Gravity dams are designed for stability in 2-dimensons and consequently, the opening of transverse joints to accommodate thermal contraction is of no structural consequence. In the case of very high (and broad-section) gravity dams, however, it can prove necessary to include a (longitudinal) contraction joint parallel to the dam axis for a certain height above the restraint of the foundation. To maintain structural integrity in such instances, it is necessary either to include a facility to grout (when the concrete has cooled to equilibrium temperatures), or to drain such a joint, when left open. In addition, measures must be included to prevent upward crack propagation.

On the alignment of a contraction joint, an inducing and sealing system is commonly provided in the upstream facing (CVC/GERCC/GEVR/IVRCC). A typical arrangement comprises one or two PVC centrebulb (or similar) waterstops (between 250 and 500 mm in width) located at a distance from the upstream face of 300 to 500 mm and separated from each other by 400 to 1500 mm. A drain hole is usually provided midway between the waterstops and sometimes a second drain is provided downstreasm of the last waterstop. In higher RCC dams, more than two waterstops are often included in the upstream facing. In RCD dams, the first waterstop is usually located between 500 and 1000 mm from the upstream face, with a second a further 500 to 1000 mm downstream and a drain hole another 500 to 1000 mm downstream.
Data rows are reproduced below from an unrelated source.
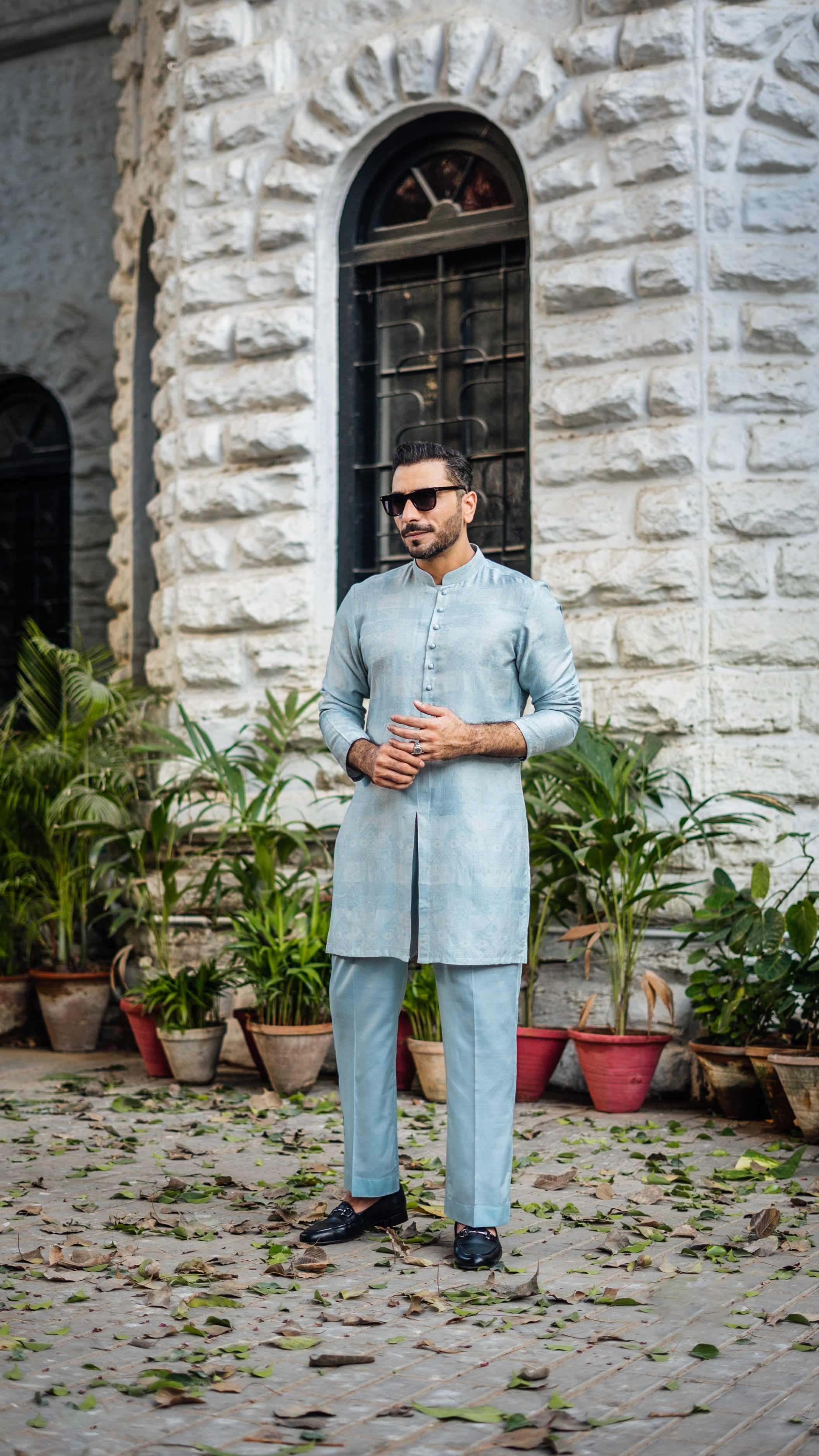 Mint Blue Self-Jacquard Kurta Pajama (2-Piece) - Image 2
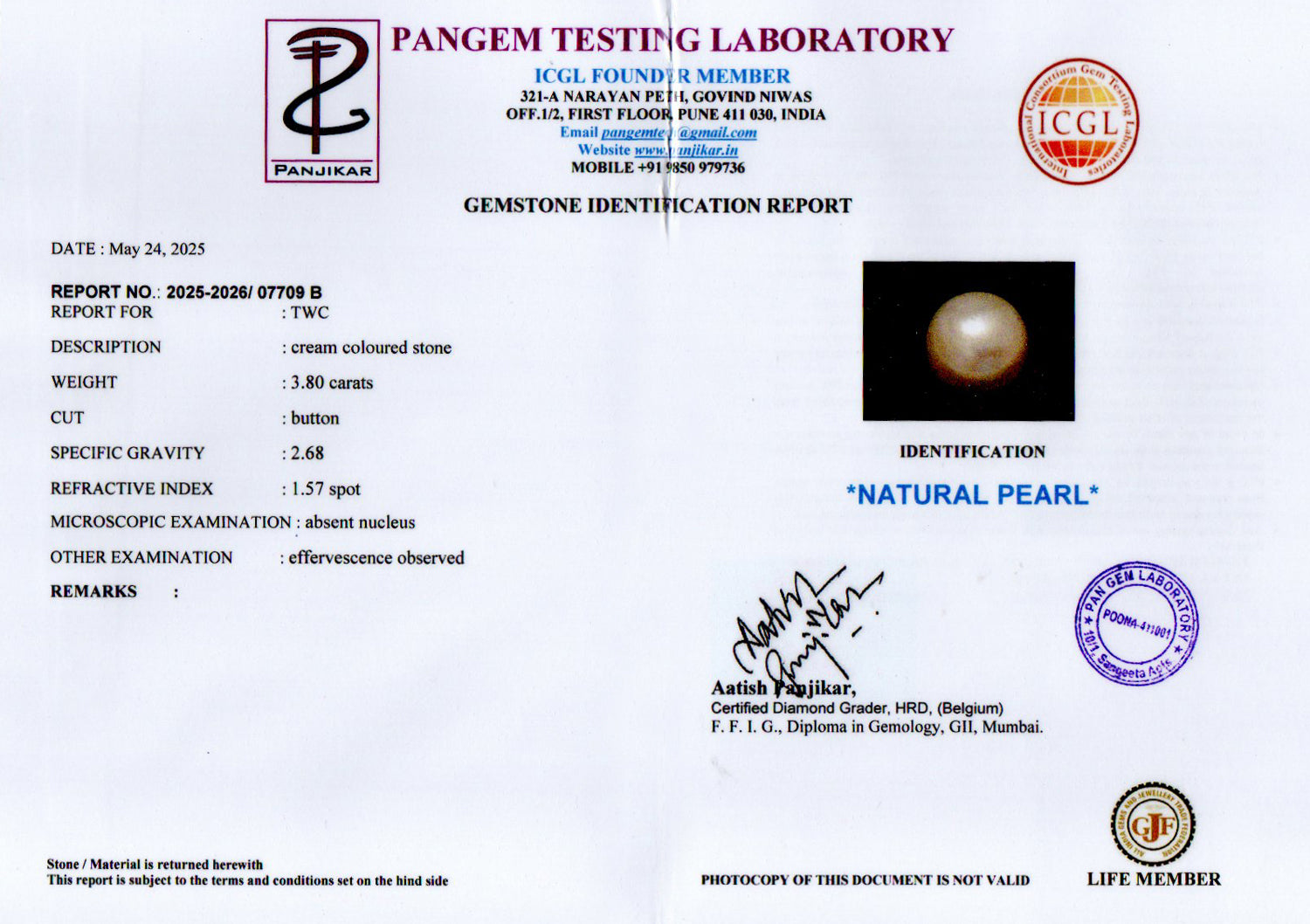 Keshi Pearl - 3.80 Carat Limited Quality SSP-9038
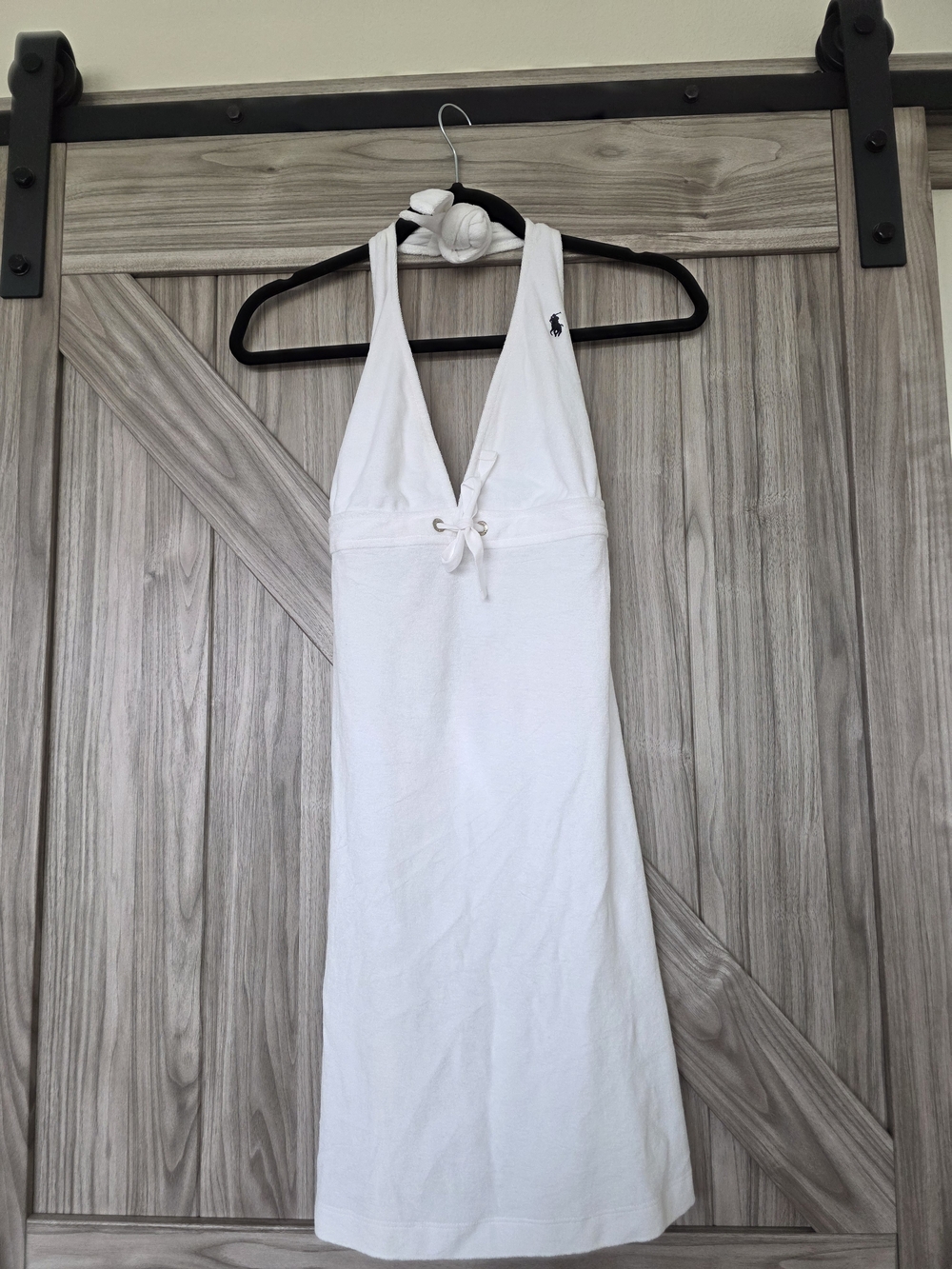 NWT Ralph Lauren Halter Dress Size L White Terry Beach Cover Up Summer Vacation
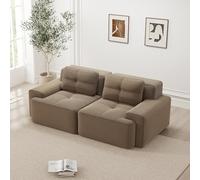 Divano Modulare Bladez Boneless a 2 Posti in Tessuto di Corda, Seduta Profonda, Divano Letto Senza Montaggio, con Ampie Braccioli e Base Antiscivolo, Divano Loveseat Moderno per Soggiorno, Marrone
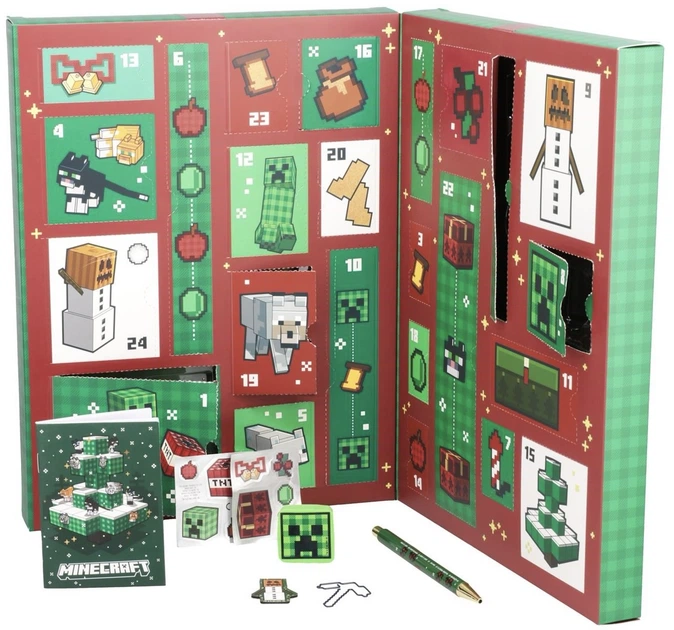 Новогодний адвент-календарь канцелярии Paladone Minecraft Stationery Advent Calendar (PP14078MCF) (5056577745719) - Фото 4 Новогодний адвент-календарь канцелярии Paladone Minecraft Stationery Advent Calendar (PP14078MCF) (5056577745719) - изображение 4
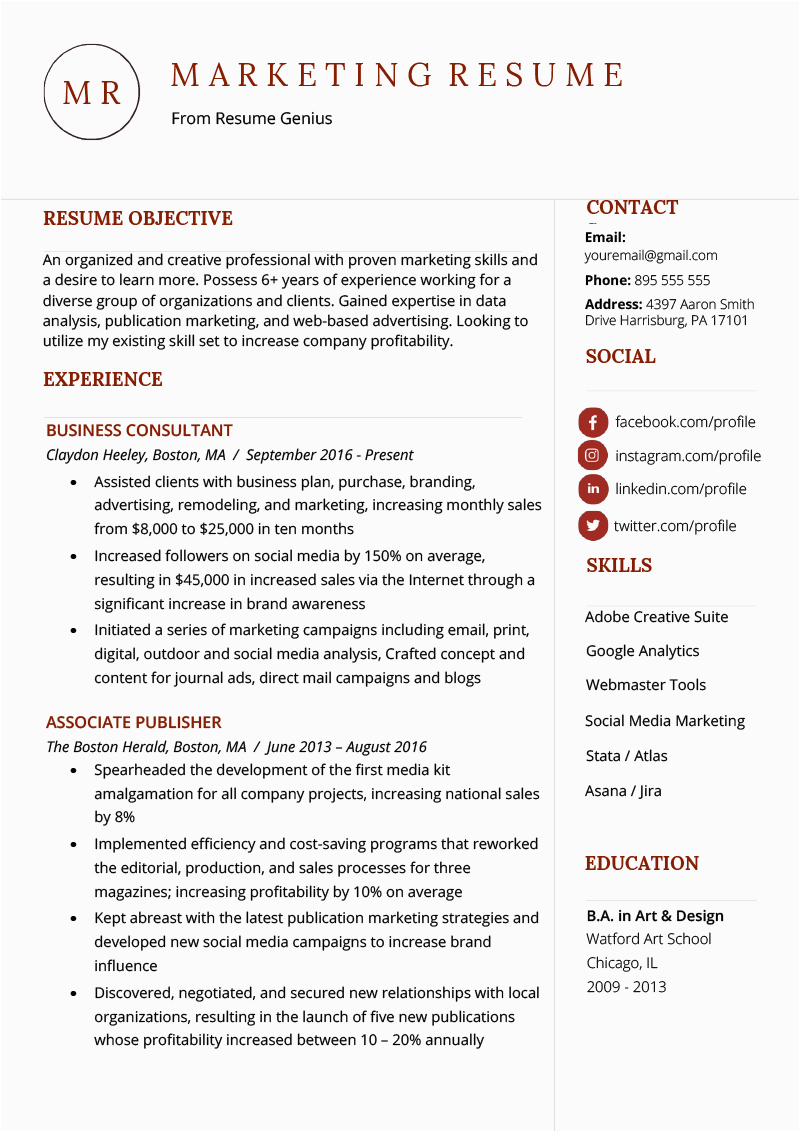 Sample Resume format for Marketing Professional Marketing Resume Sample & Writing Tips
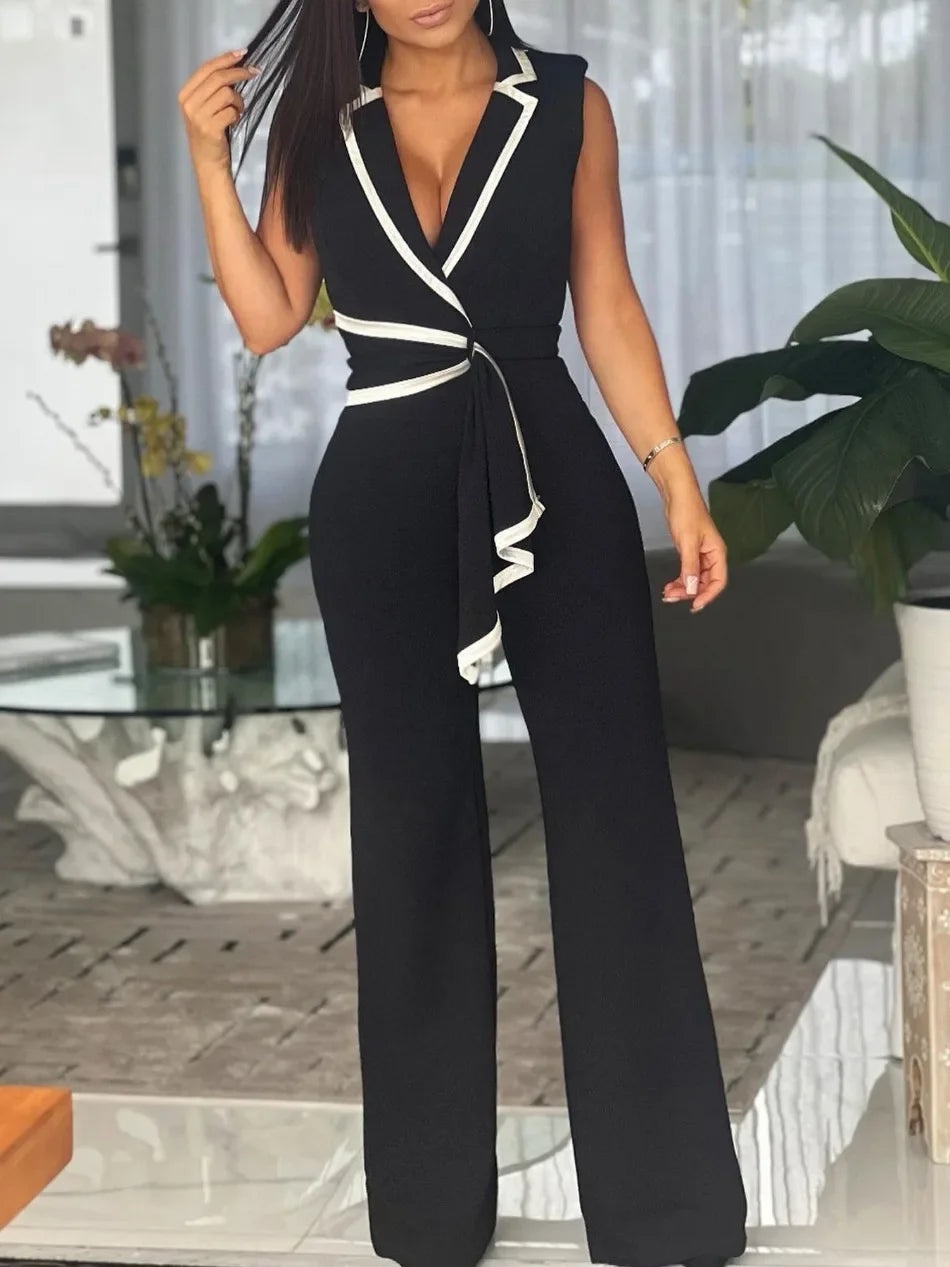 Women's Overalls Outfits Full Length New Fashion 2025 Summer V Neck Elegant Sleeveless Office Lady Jumpsuit Wide Leg Pants.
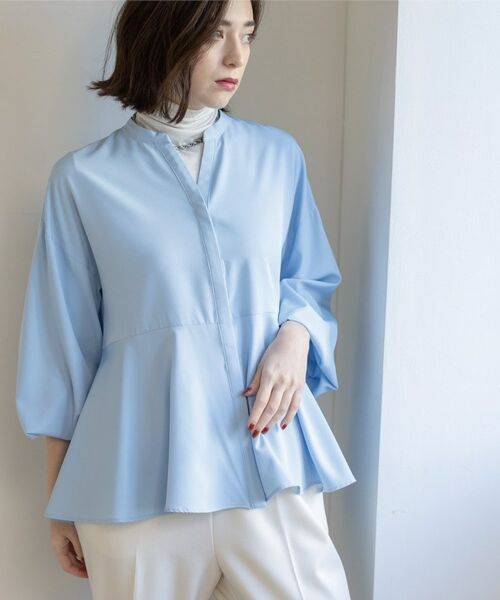 OPAQUE.CLIP / オペーク ドット クリップ シャツ・ブラウス | バイカラーアソート ペプラム前あきブラウス | 詳細8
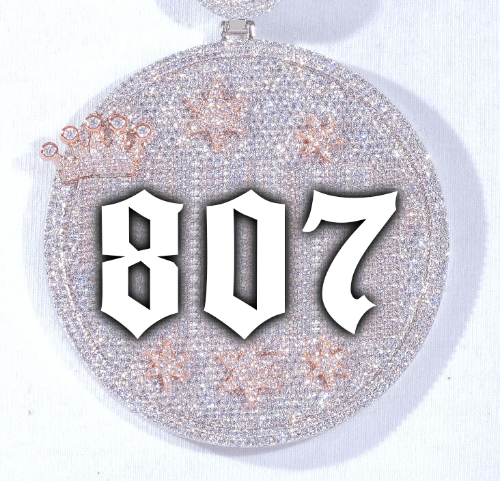 CUSTOM LETTER NECKLACE 3D BIG CROWN DISC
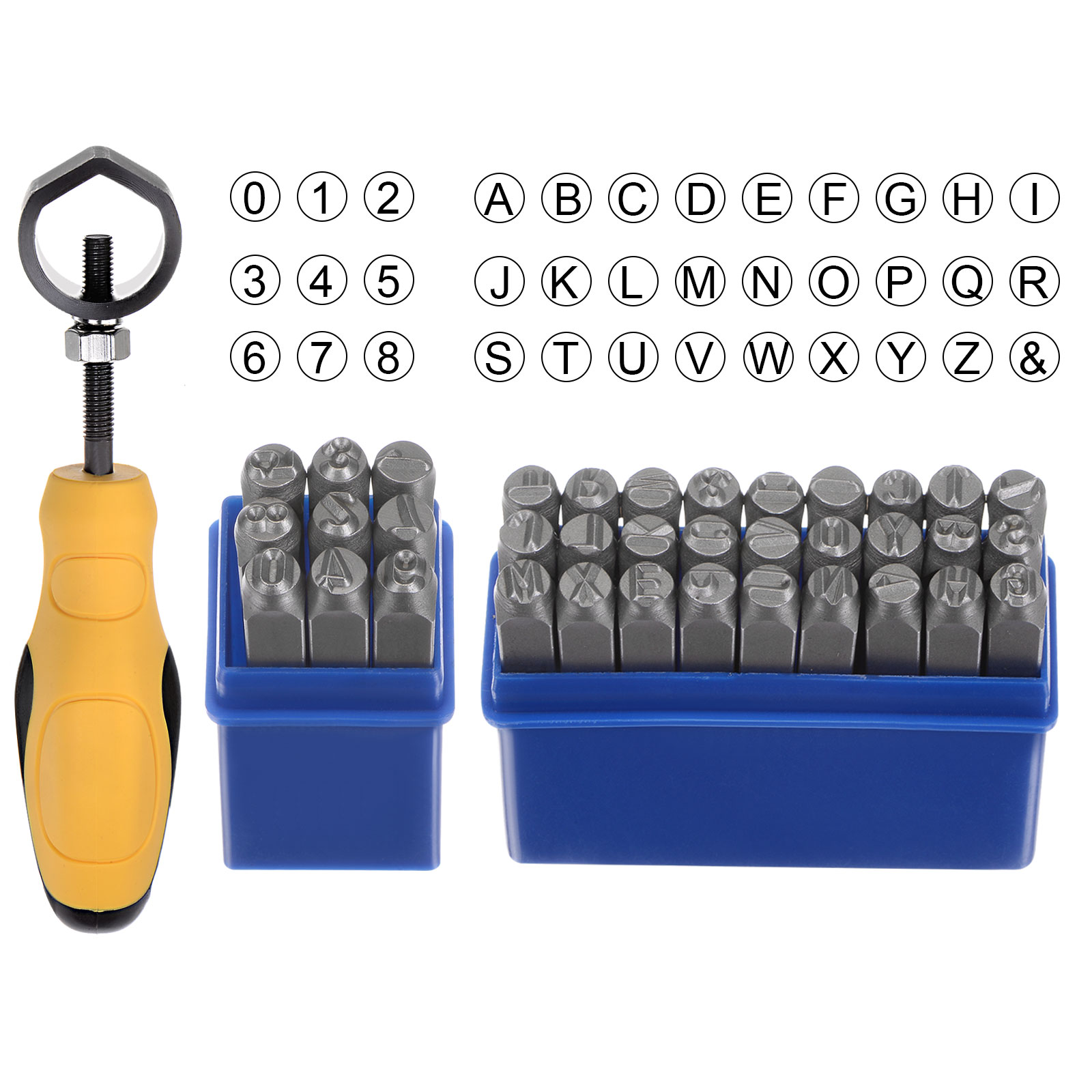 Leatherwork Embossing - Metallstanzset 6mm 10mm 12,5mm A-Z/0-8 Stahlbuchstaben-Prägewerkzeug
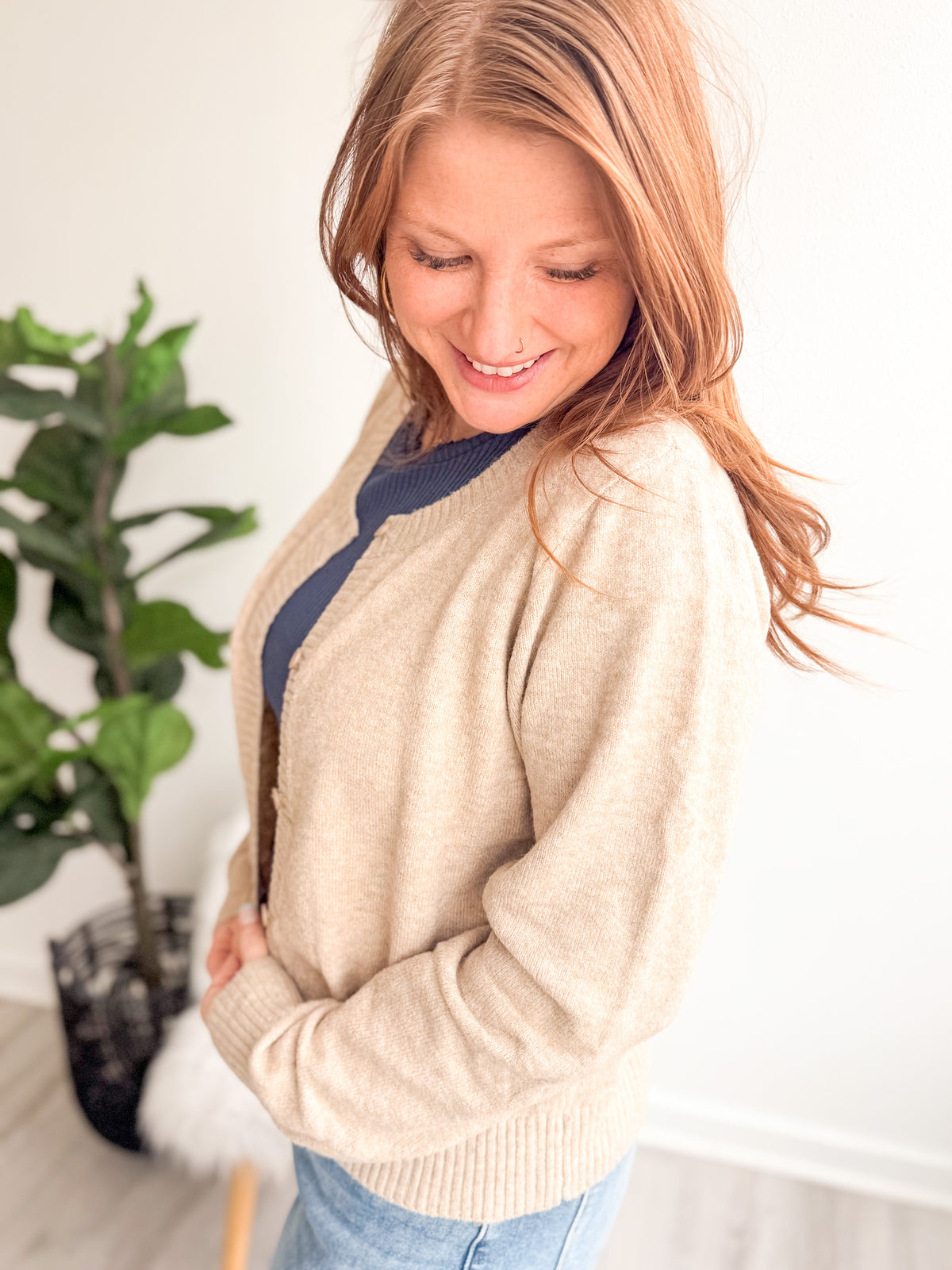 Simple Stitch Button Cardigan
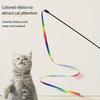1Pcs Colorful Cat Teaser Stick Double-sided Color Strip Cat Teaser Color Strip Cat Teaser Stick Pet Cat Toy Cat Teaser Stick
Contraction joints in arch dams typically require grouting to re-establish 3-dimensional structural continuity. Through placement temperature control and the use of very low stress-relaxation creep RCC at a number of RCC arch/gravity dams, however, it has proved possible in mild climatic conditions to limit the total effective temperature drop sufficiently to avoid the need for grouting (see Chapter 9). The structural requirement for grouting of contraction joints should accordingly be evaluated very carefully on a case-by-case basis.